В сумерках близкой весны - страница 8



На пороге стоял Марат Прогалинский, муж матери. Его высокая худая фигура выражала озабоченность, глаза под стёклами очков щурились, в руках он держал хозяйственную сумку и большой зонт. Евгений кивнул, пропуская его в квартиру.

– Женечка! Я проведать тебя! Можно войти?

– Конечно.

Последовало крепкое рукопожатие. Прогалинский разулся, снял куртку, шапку, аккуратно поставил зонт на пол, прислонив к стене. Он прошёл в кухню и сел на табурет, потирая замёрзшие руки. Евгений проследовал за ним и присел напротив. Он подумал о том, для чего Прогалинскому зонт, и машинально взглянул в окно.

– Снег с дождём, отвратительная погода! – широко улыбаясь, сообщил Марат. Золотые коронки мрачно блеснули, привлекая к себе внимание. – А с утра был туман. Ты заметил?

– Заварить чай?

– Может, что-нибудь покрепче?

Евгений кивнул и полез в холодильник за водкой. Благодаря тому, что он вчера выпил мало, она осталась. Не нужно бежать в магазин.

– У тебя не работает телефон, Женечка.

– Я его отключил.

– Мама не могла дозвониться, поэтому я приехал посмотреть, всё ли в порядке.

– Да в порядке я.

– Хорошо.

Они выпили.

– Ты что-то плохо выглядишь, Жень.

– Ночь не спал. Вот прилёг ненадолго.

– Понимаю. Мама сказала, что ты вчера ездил на кладбище. Это для всех нас тяжело.
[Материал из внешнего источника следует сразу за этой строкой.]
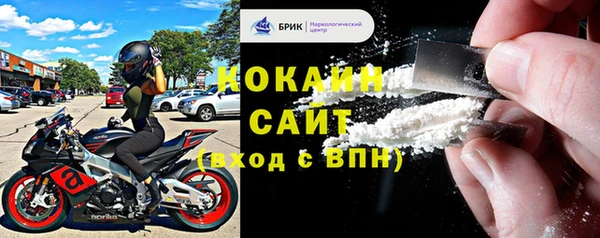 ПСИЛОЦИБИНОВЫЕ ГРИБЫ Гусиноозёрск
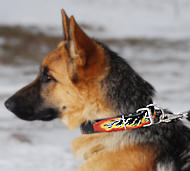 GSD Leather dog collar - Hand painted by our artists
Они снова выпили. Водка шла легко. Благодаря этому напряжение в мышцах ушло, кровь ударила в голову, согревая. Прогалинский поднялся и сходил за хозяйственной сумкой, которую оставил в прихожей. Быстро достал из неё банку кильки в томатном соусе, кусок копчёной колбасы и половинку ржаного хлеба. Достал из шкафа тарелки и с удовольствием разложил на них закуску. Марат Прогалинский всё делал хорошо и с удовольствием. Казалось, что ничто не может сломить его и вывести из себя. Улыбался, блестя коронками, откашливался и громко глотал слюну, потирая руки.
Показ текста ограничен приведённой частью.